But yep the morning mcdonalds breakfast is what I used to do if I got there to early, literally two mins away.


----------



## SnakeBreeder (Mar 11, 2007)

bosshogg said:


> I'll be there  and Promise not to come showing all my new buys this time Snakebreeder :whistling2:
> 
> this is me
> image


:lol2: Look forward to seing you and the new aquasitions


----------



## bosshogg (Nov 19, 2006)

SnakeBreeder said:


> :lol2: Look forward to seing you and the new aquasitions


:lol2: we've already pre ordered three boas :whistling2:


----------



## jay67 (Jan 30, 2009)

This is my finger, to see the rest you'll have to look out for the table with the Albino Burmese.

Jay


----------



## stacy (May 9, 2009)

me my patner, brother and to friends off here are going and will be their at 10 as well: victory:


----------



## mispentyouth (Jul 4, 2007)

ill be there , just busy sharpening my elbows . I might get near a table this time:Na_Na_Na_Na:


----------



## AshMashMash (Oct 28, 2007)

Horsfield said:


> If you see the t-shirts run the other way lol haha





Liz_n_Mark said:


> message from liz she said Thats It


Not you lot again :whistling2:

I'll be there


----------



## linda.t (Sep 28, 2007)

not going this time :sad:


----------



## Tarn~Totty (May 4, 2009)

Yay!!! Cant wait!!! Its nearly here!!

Me, my other half and the kids are going...picking up some reserved leos and vivs...then having a look round to see what else I can creep round my other half to buy me :lol2:

Dunno what Im gunna be wearing....but I will have my long black boots on that can be used as ID, and I always wear my sunglasses (might melt in daylight without them hehe):lolsign:

Please say hello if you see me....didnt get to meet anyone really at the last one cause I didnt know who was who :blush: would be nice to put faces to the forum names : victory:


----------



## Graz (Dec 7, 2006)

Ima thurrr


----------



## snowyj99 (Feb 28, 2008)

Will be good to put some more faces to names!:2thumb:


----------



## dragon ranch (Dec 1, 2008)

Been and gone now, I jsut bought a few hides  Wanted the female Morrocan Uromastyx but someone beat me to it.


----------



## Tarn~Totty (May 4, 2009)

I saw some of you :lol2: you didnt see me though I dont think (cause im little and quiet lol)

I saw ashbosh when I was in the queue and saw Graz walking round inside the show.
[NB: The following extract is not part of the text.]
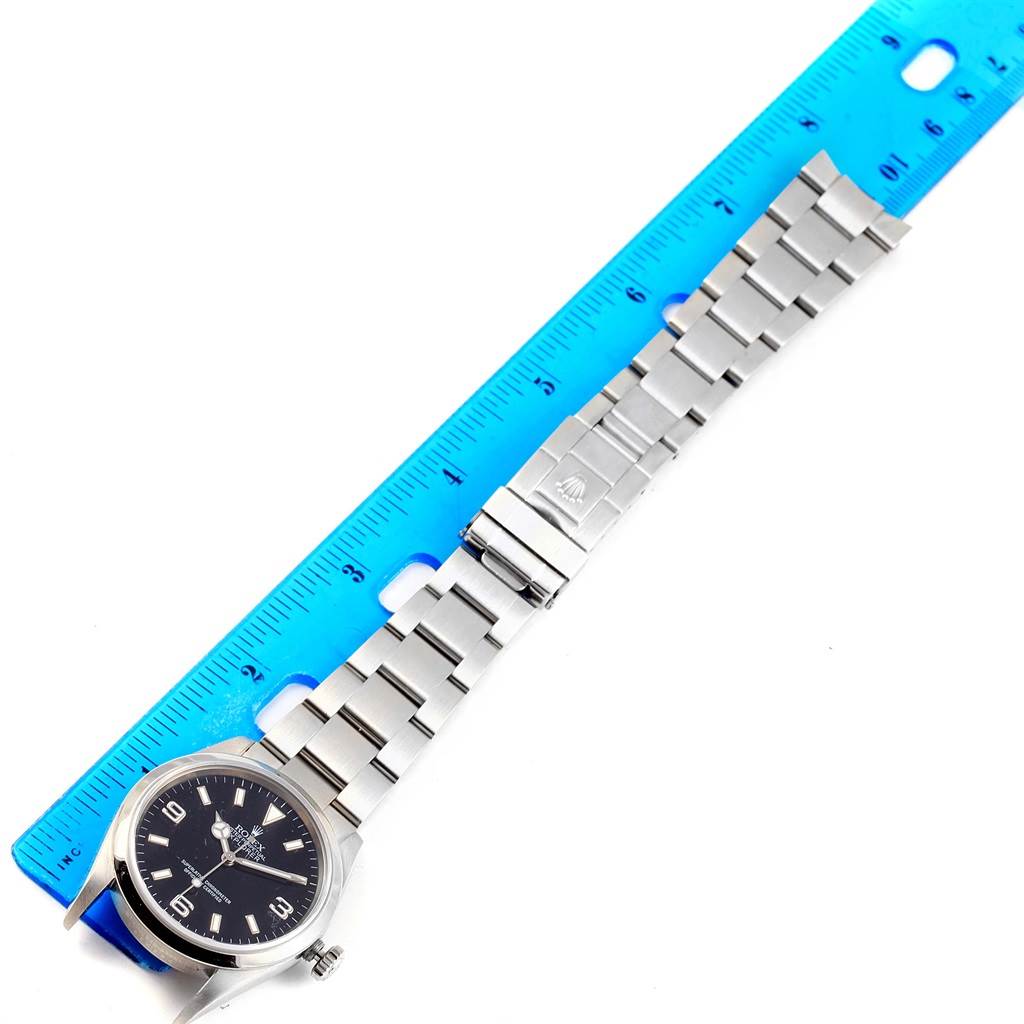 The image shows a top-down view of a Rolex Explorer 114270 Men's Stainless Steel Black Dial 114270 Men's Stainless Steel Black Dial watch placed next to a blue ruler for scale.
Also met Nick and Carrie from Ark Reptiles,Bigfishseller and a really nice family who had been travelling from Glasgow since 4 am to get there :gasp:

Hope everyone got what they wanted : victory:


----------



## Graz (Dec 7, 2006)

Tarn~Totty said:


> I saw some of you :lol2: you didnt see me though I dont think (cause im little and quiet lol)
> 
> I saw ashbosh when I was in the queue and saw Graz walking round inside the show. Also met Nick and Carrie from Ark Reptiles,Bigfishseller and a really nice family who had been travelling from Glasgow since 4 am to get there :gasp:
> 
> Hope everyone got what they wanted : victory:


errm maybe, i was with a smallish girl and another guy
funnily enough i was in barnsley yestarday and checked out a small pet shop there in town


----------



## Tarn~Totty (May 4, 2009)

Yer, you were with a smallish lass when I saw you :2thumb:

Was the shop right in the bus station that you visited? Its the only one we have in the town itself :lol2:


----------



## Graz (Dec 7, 2006)

Tarn~Totty said:


> Yer, you were with a smallish lass when I saw you :2thumb:
> 
> Was the shop right in the bus station that you visited? Its the only one we have in the town itself :lol2:



indeed it was me!
yeh it was, most of the reptiles up top


----------



## steve_3125 (May 20, 2009)

This is me








I was wearing a Llanelli Scarlets Rugby top.

Steve


----------



## bigfishseller (Jul 15, 2008)

couldunt miss tarn totty what a sexy ars.


----------